El cartel de la película es magnífico y lo dice todo: Joaquin Phoenix vestido de Napoleón y sentado en una silla con la mano derecha colgada con dejadez en el respaldo. ¡La mano derecha de Napoleón!, la que siempre llevaba metida entre los botones de su chaleco. Ridley Scott, junto a su guionista, David Scarpa (que también lo es de la próxima ‘Gladiator 2’), ha construido un fabuloso retrato del ambicioso militar, el limitado hombre, el perturbado amante y el tipo grillado y cruel que se llevó por delante a varios millones de personas en una guerras que llevan su nombre y su sello. Un fabuloso retrato, sí, con unos agujeros como el queso emmental (ahora resulta que el gruyere no tiene agujeros), como su invasión de la Península Ibérica y la sublevación española que aquí se llama Guerra de la Independencia y cuyos héroes le dan nombre a las calles y plazas de tantos pueblos y ciudades: esos años, de 1808 a 1812, cruciales para él, para España, Francia y Europa no tienen reflejo en la película.
La Historia ha acordado que Napoleón Bonaparte fue, además de uno de los más grandes escabechadores de gente que han existido, un fabuloso estratega bélico y la película de Ridley Scott pone enorme cantidad de esfuerzo económico, humano y técnico para que veamos la complejidad de las campañas y batallas, filmadas de modo majestuoso, con una luz, temperatura y tensión que le dan al plano y la secuencia una enorme fuerza y belleza estética. De hecho, parece mentira que un hombre que cumple la próxima semana 86 años esté al frente de un ‘fregao’ tan gigantesco como ha tenido que ser ese rodaje.

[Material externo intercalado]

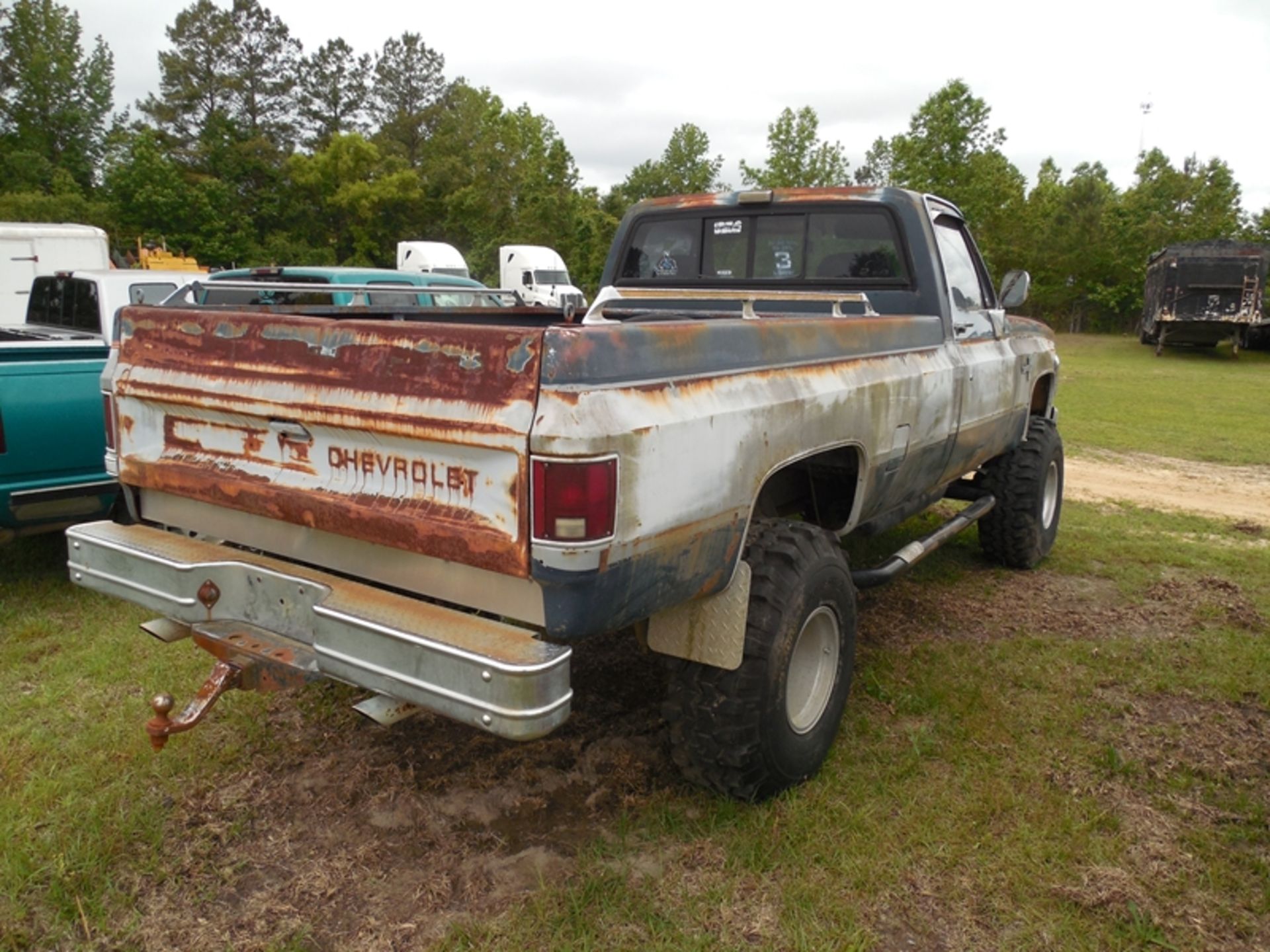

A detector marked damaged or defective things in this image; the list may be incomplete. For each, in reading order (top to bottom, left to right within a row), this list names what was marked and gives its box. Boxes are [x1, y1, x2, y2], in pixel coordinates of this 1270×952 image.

rusted paint surface [112, 313, 540, 578]
rusty chevrolet pickup truck [69, 186, 1062, 797]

Como es natural y ya le ha ocurrido en otras películas, especialmente en ‘Gladiator’, los pescadores de inexactitudes, descuidos históricos y falsedades, se pondrán las botas. Pero quienes no le den mayor importancia a que el gorro de Napoleón no sea del fieltro adecuado, y sí se la den a la sinfonía o imagen global de este personaje, quizá lleguen a un mejor acuerdo con la excesiva y napoleónica película de Ridley Scott, que es muy espectacular en el plano largo y también tiene mucho interés en el plano corto, el que recoge la fragilidad de Napoleón en su relación cercana e intimísima con su esposa Josefina. No hay el menor riesgo al afirmar que lo mejor de la película está ahí, en la complejidad que unía al matrimonio y en la arrebatadora interpretación de Joaquin Phoenix y Vanessa Kirby. A Phoenix, ya se sabe, lo vistes de Napoleón y lo ficha de inmediato cualquier frenopático. Mirada, traza, alma… ¡Si hasta parece que hablara francés con acento corso! Y Vanessa Kirby consigue darle a su Josefina un fuerte poder atractivo y una moral indetectable.
Lo que ya no funciona tan bien es el relleno entre el plano largo de lo bélico y el plano corto de lo íntimo; el relleno de lo imprescindible de la época, lo revolucionario, las relaciones con Barras, Talleyrand, el abate Sieyès, el Duque de Wellington, el zar Alejandro… Tampoco se subraya su importancia como estadista y su desarrollo de leyes civiles (el Código Napoleónico). Todo eso, que es mucho, se queda colgado con pinzas como ropa a secar. Pero hay momentos magníficos, como en los que Napoleón se empieza a creer que es Napoleón o esas imágenes sí clavadas en la Historia, por ejemplo, la de Bonaparte a caballo ante la esfinge de Gizeh del cuadro de Jean Leon Gerome. Un buen tapiz histórico algo descolorido por su zona central.